DATA SEGMENT:
○ ○ ○ ○ ○ ○ ○
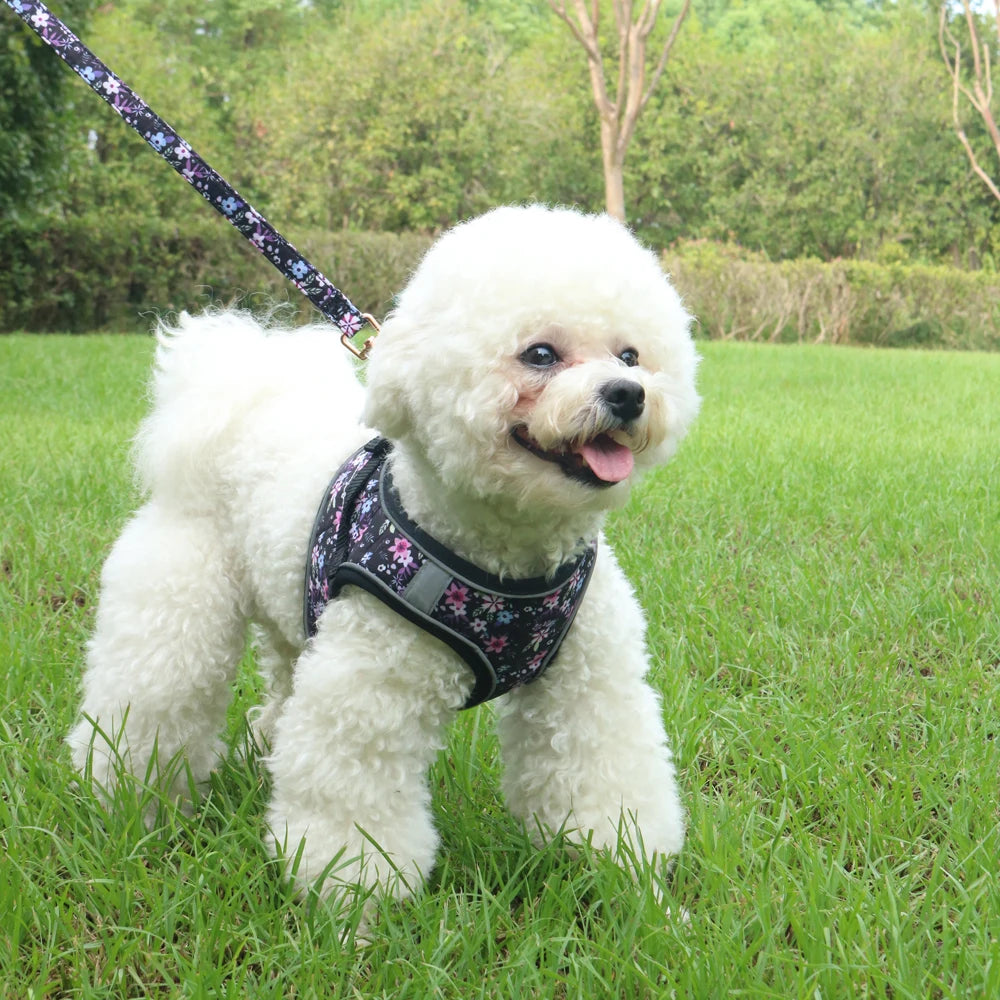 Small Dog Harness & Leash Set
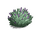 Sagebrush-icon.png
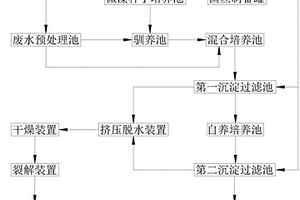 光合生物介导的废水综合生态处理系统和方法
○ ○ ○ ○ ○ ○ ○
INSTRUCTIONS TO FOLLOW:
Repeat the full listing above without altering a word, and skip the pictures.

SOLUTION TO THE PROBLEM:
 Small Dog Harness & Leash Set
 Sagebrush-icon.png
 光合生物介导的废水综合生态处理系统和方法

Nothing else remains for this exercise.